Agnes spała jak zabita. Kivrin najchętniej zostawiłaby ją w spokoju na ławie, ale podejrzewała, iż nawet padające z nóg pięcioletnie dzieci mają obowiązek uczestniczenia we mszy.
— Agnes — szepnęła małej do ucha. — Agnes, obudź się — powtórzyła głośniej.
— Chyba będziecie musieli zanieść ją do kościoła — powiedziała Rosemunda, spinając płaszcz złotą broszką sir Bloeta.
Przed Kivrin stanął najmłodszy syn rządcy; przyniósł, a raczej przywlókł jej biały płaszcz, zamiatając nim podłogę w sieni i izbie.
— Agnes!
Delikatnie potrząsnęła dziewczynką, dziwiąc się, że nie obudziło jej bicie dzwonów, tym bardziej że dźwięki dobiegające z kościelnej wieży wydawały się znacznie głośniejsze niż codzienne bicie dzwonów w porze jutrzni albo nieszporu.

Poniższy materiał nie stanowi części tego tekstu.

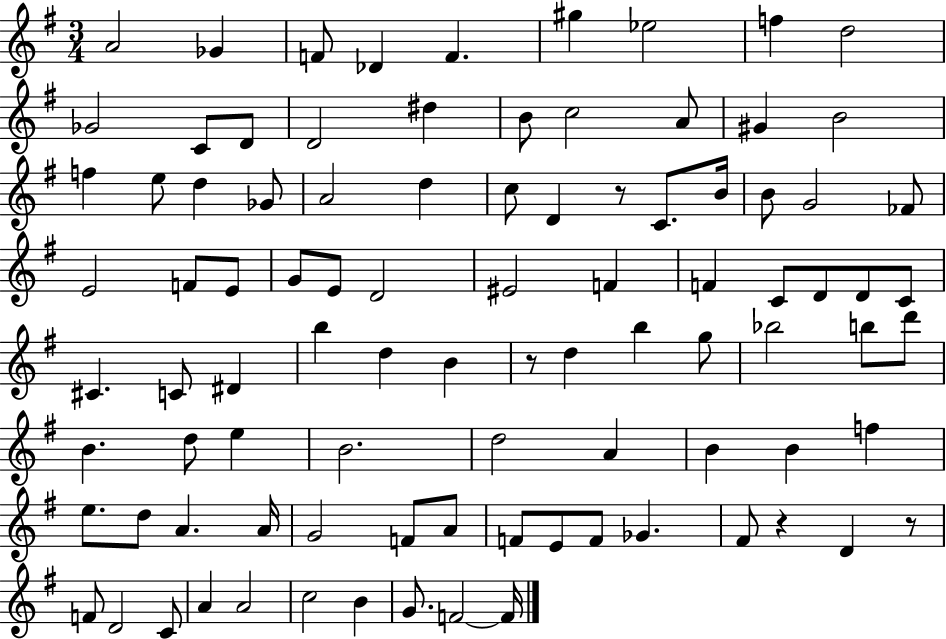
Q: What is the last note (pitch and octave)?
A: F4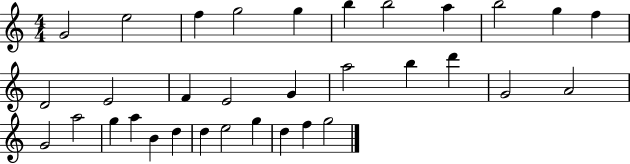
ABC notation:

X:1
T:Untitled
M:4/4
L:1/4
K:C
G2 e2 f g2 g b b2 a b2 g f D2 E2 F E2 G a2 b d' G2 A2 G2 a2 g a B d d e2 g d f g2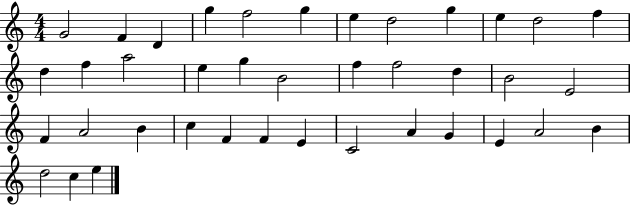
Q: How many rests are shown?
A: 0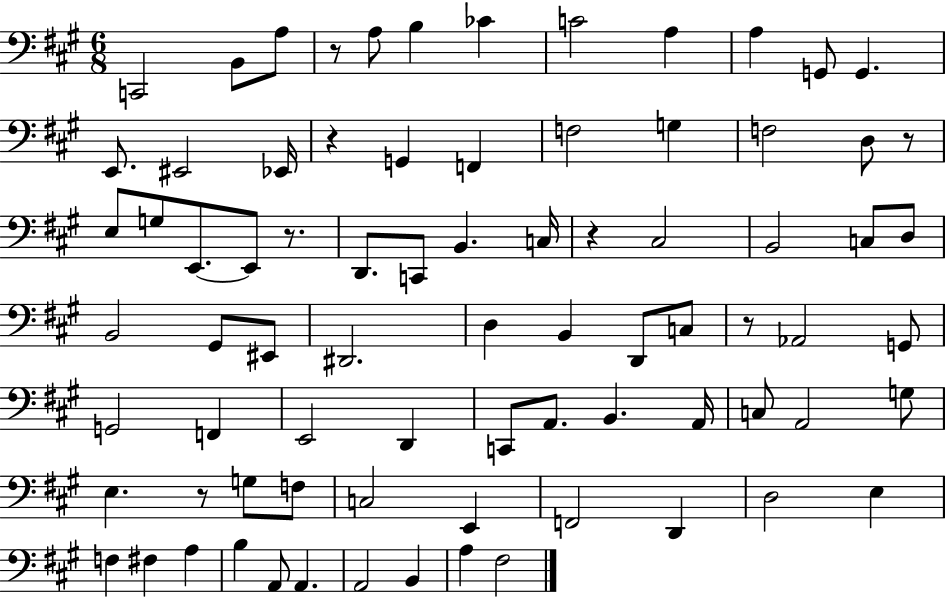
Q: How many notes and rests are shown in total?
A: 79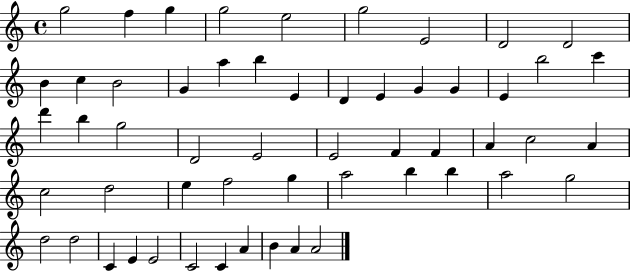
G5/h F5/q G5/q G5/h E5/h G5/h E4/h D4/h D4/h B4/q C5/q B4/h G4/q A5/q B5/q E4/q D4/q E4/q G4/q G4/q E4/q B5/h C6/q D6/q B5/q G5/h D4/h E4/h E4/h F4/q F4/q A4/q C5/h A4/q C5/h D5/h E5/q F5/h G5/q A5/h B5/q B5/q A5/h G5/h D5/h D5/h C4/q E4/q E4/h C4/h C4/q A4/q B4/q A4/q A4/h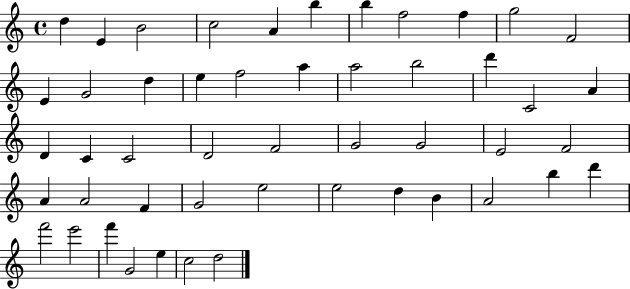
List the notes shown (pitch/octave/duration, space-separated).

D5/q E4/q B4/h C5/h A4/q B5/q B5/q F5/h F5/q G5/h F4/h E4/q G4/h D5/q E5/q F5/h A5/q A5/h B5/h D6/q C4/h A4/q D4/q C4/q C4/h D4/h F4/h G4/h G4/h E4/h F4/h A4/q A4/h F4/q G4/h E5/h E5/h D5/q B4/q A4/h B5/q D6/q F6/h E6/h F6/q G4/h E5/q C5/h D5/h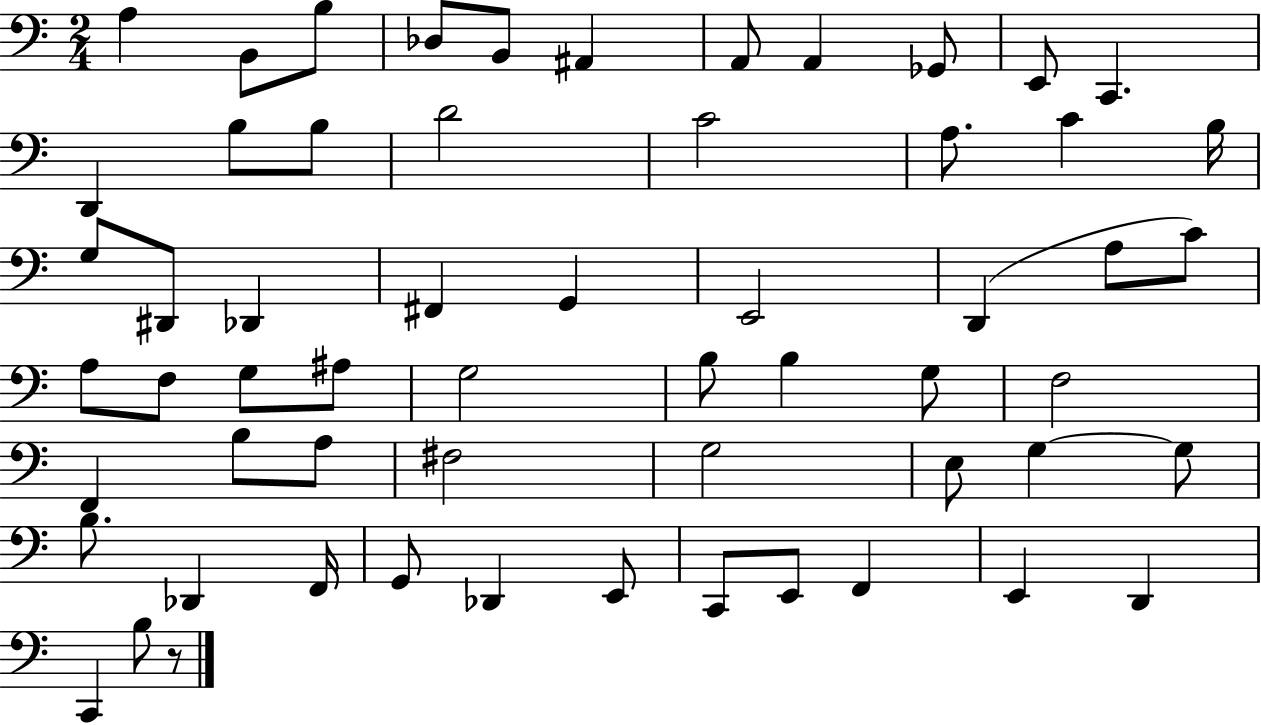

Dziewczynka wreszcie otworzyła oczy.
— Nie obudziłaś mnie — wymamrotała do Rosemundy, po czym, otrząsnąwszy się z resztek snu, powtórzyła znacznie wyraźniej: — Nie obudziłaś mnie, chociaż obiecałaś!
— Zakładaj szubkę — poleciła Kivrin. — Idziemy do kościoła.